- _EXERCISE_
For each entry below, please return its exact wording and leave out any picture.

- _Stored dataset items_
########
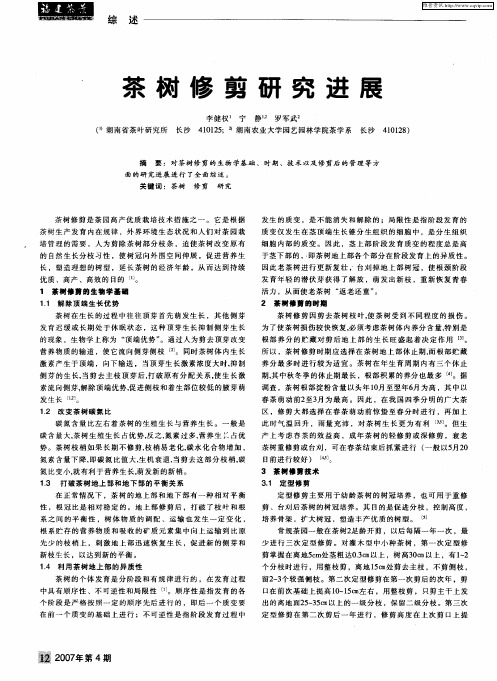 茶树修剪研究进展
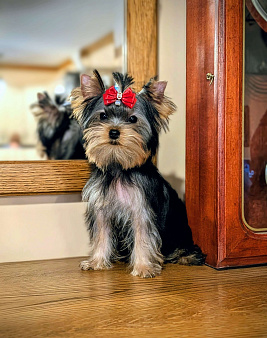 Роскошная малышка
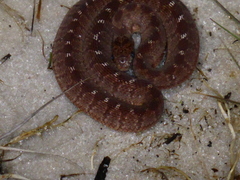 Dasypeltis confusa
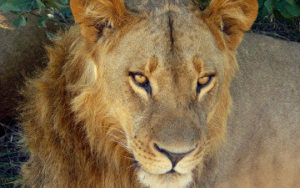Lion au Parc Chobe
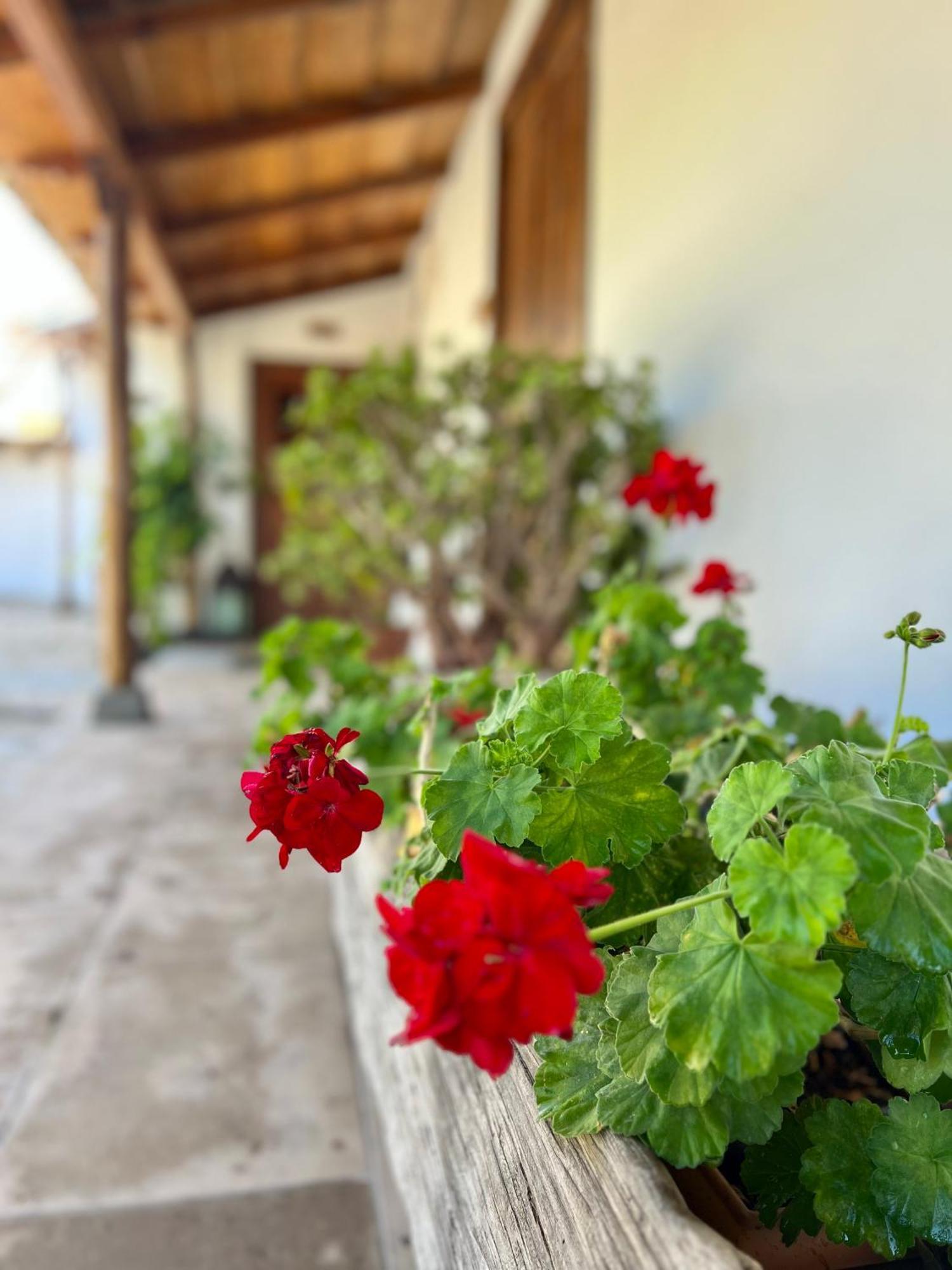 La Paredita Casa Taoro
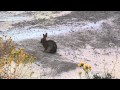 USA - Rabbit at Badlands NP
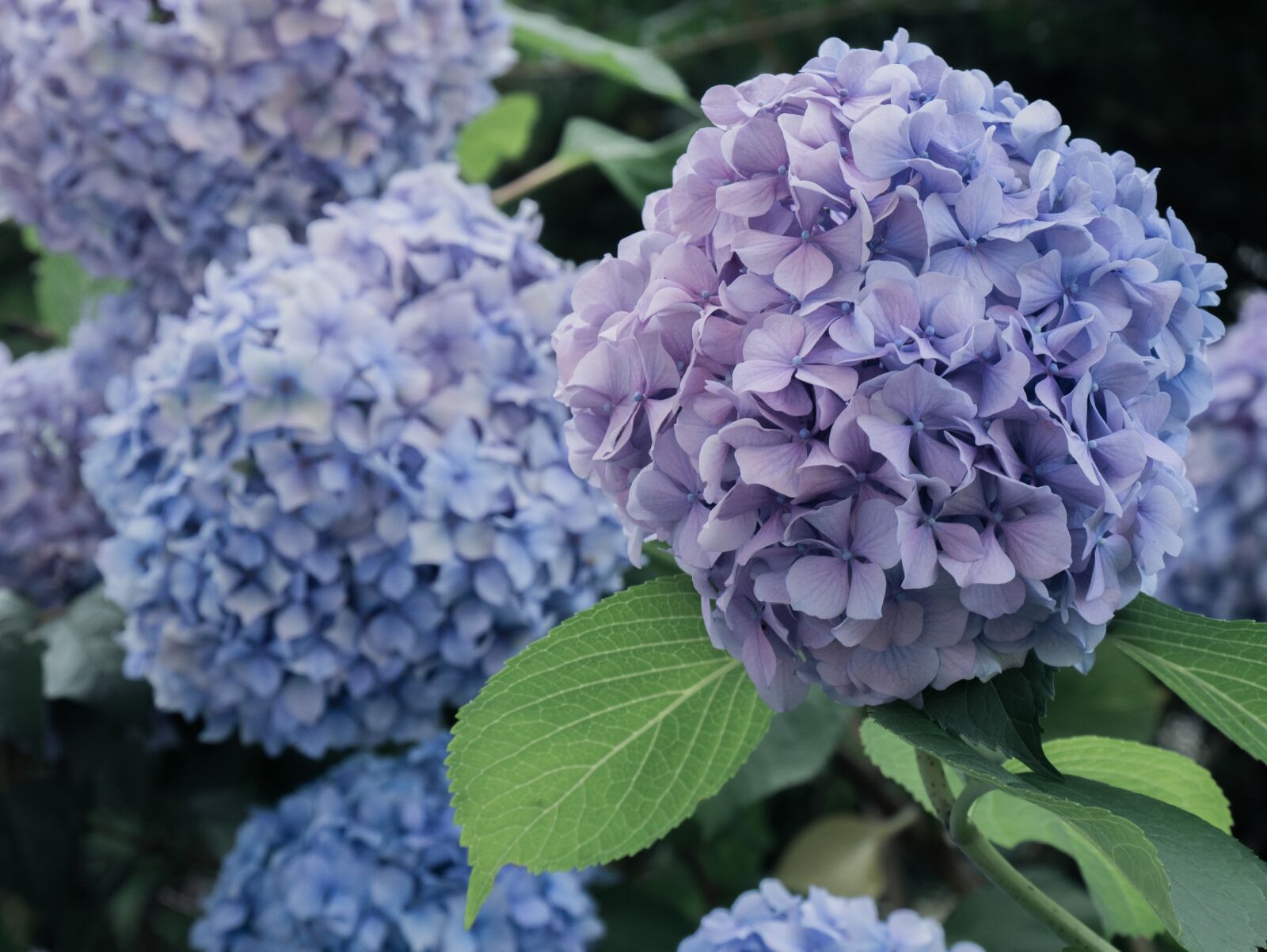 Panasonic DMC-G81 sample photo. Flowers, hydrangeas, blue photography
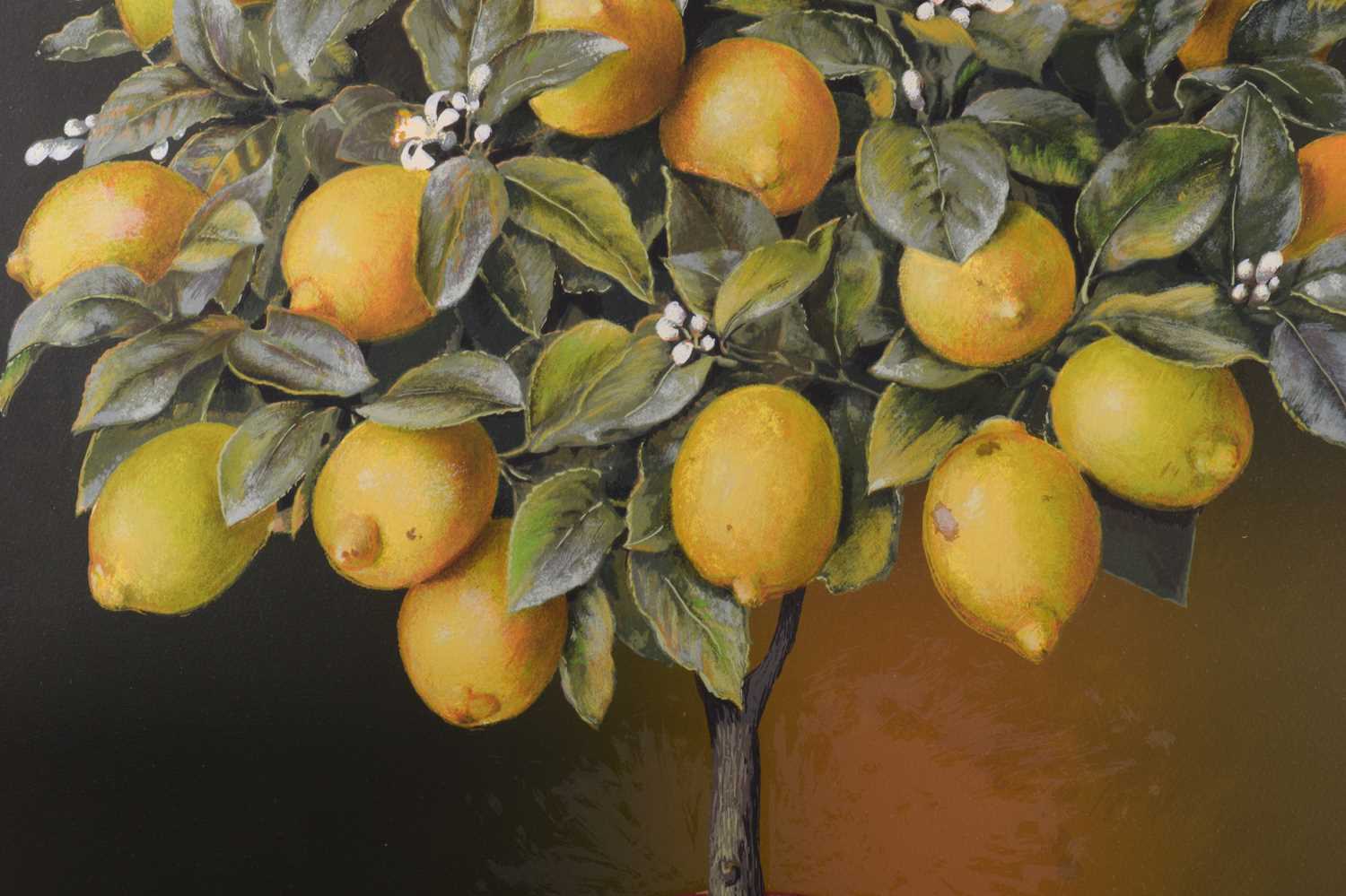 José Escofet (b.1930) Spanish, Lemon and Orange Trees, a pair of limited edition prints, signed and  - Image 18 of 20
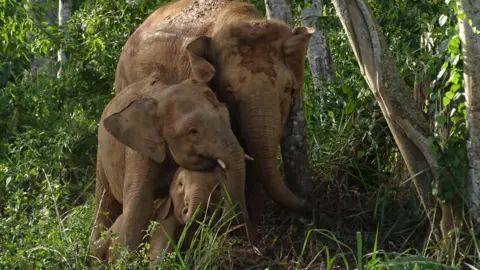 Cheryl Cheah/WWF-Malaysia Bornean elephants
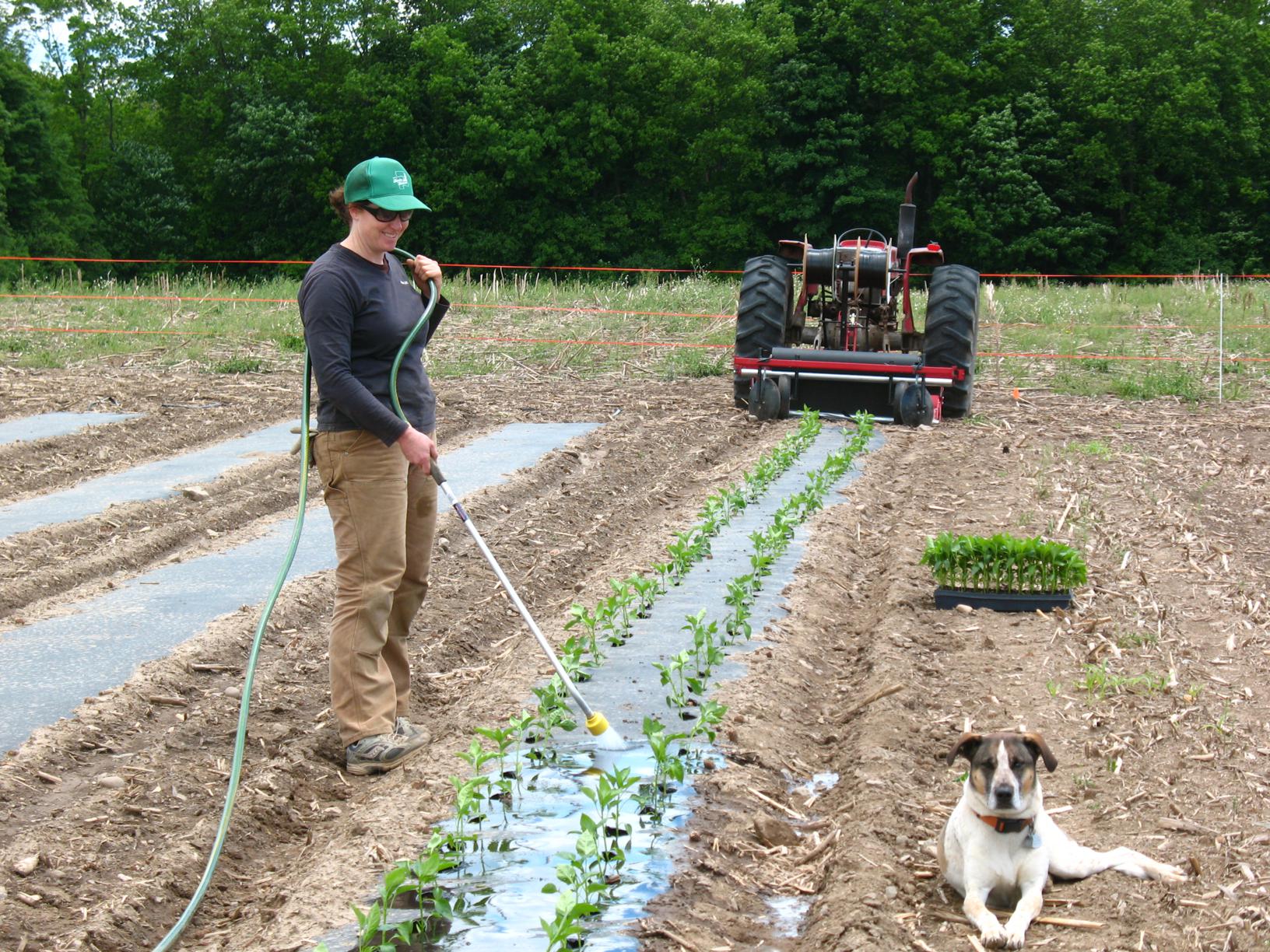 Watering-in-pepper-transplants_1632x1224.jpg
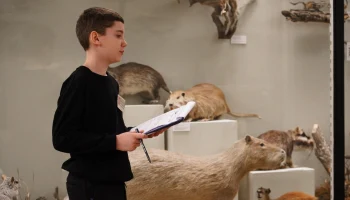 Какие олимпиады для московских школьников пройдут весной 2026 года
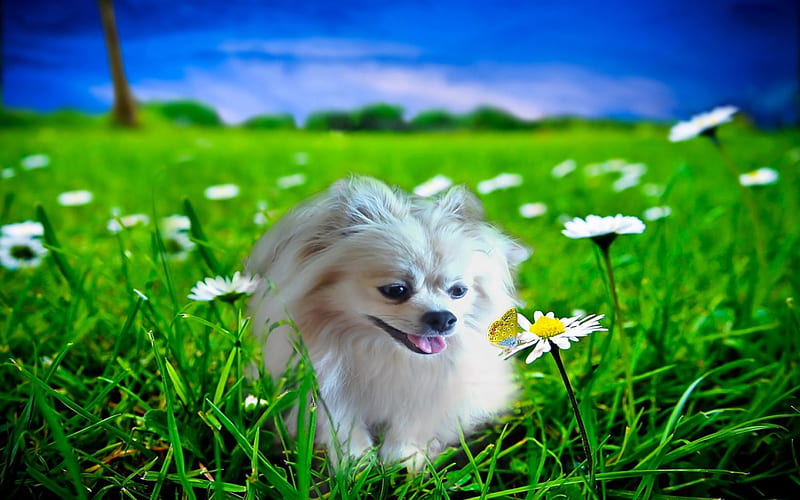 Hello friend..♡, small doggie, daisies, Pomeranian, horizon, grass, Sikh Chu, butterflies, dogs, HD wallpaper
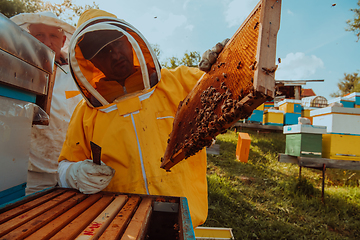 Image showing Beekeepers checking honey on the beehive frame in the field. Small business owners on apiary. Natural healthy food produceris working with bees and beehives on the apiary.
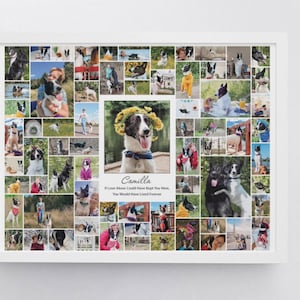 May include: A black and white dog photo collage with the name "Camilla" and the text "If Love Alone Could Have Kept You Here, You Would Have Lived Forever".
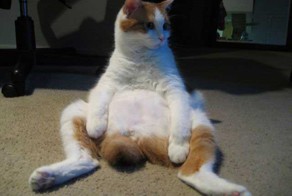 Топ 10 Самые дорогие породы кошек в мире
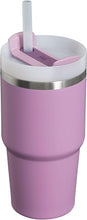 Load image into Gallery viewer, Stanley Quencher H2.0 FlowState Stainless Steel Vacuum Insulated Tumbler with Lid and Straw for Water, Iced Tea or Coffee, Smoothie and More, Lilac, 20oz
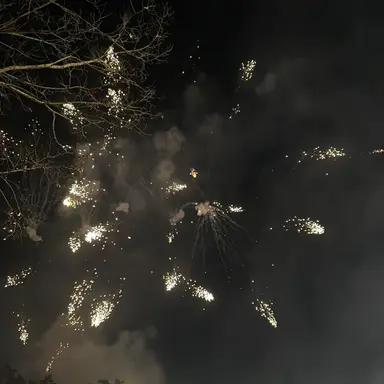 Profile image of 감제이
########
- _OUTPUT FOR THIS EXERCISE_
 茶树修剪研究进展
 Роскошная малышка
 Dasypeltis confusa
Lion au Parc Chobe
 La Paredita Casa Taoro
 USA - Rabbit at Badlands NP
 Panasonic DMC-G81 sample photo. Flowers, hydrangeas, blue photography
 José Escofet (b.1930) Spanish, Lemon and Orange Trees, a pair of limited edition prints, signed and  - Image 18 of 20
 Cheryl Cheah/WWF-Malaysia Bornean elephants
 Watering-in-pepper-transplants_1632x1224.jpg
 Какие олимпиады для московских школьников пройдут весной 2026 года
 Hello friend..♡, small doggie, daisies, Pomeranian, horizon, grass, Sikh Chu, butterflies, dogs, HD wallpaper
 Image showing Beekeepers checking honey on the beehive frame in the field. Small business owners on apiary. Natural healthy food produceris working with bees and beehives on the apiary.
 May include: A black and white dog photo collage with the name "Camilla" and the text "If Love Alone Could Have Kept You Here, You Would Have Lived Forever".
 Топ 10 Самые дорогие породы кошек в мире
 Load image into Gallery viewer, Stanley Quencher H2.0 FlowState Stainless Steel Vacuum Insulated Tumbler with Lid and Straw for Water, Iced Tea or Coffee, Smoothie and More, Lilac, 20oz
 Profile image of 감제이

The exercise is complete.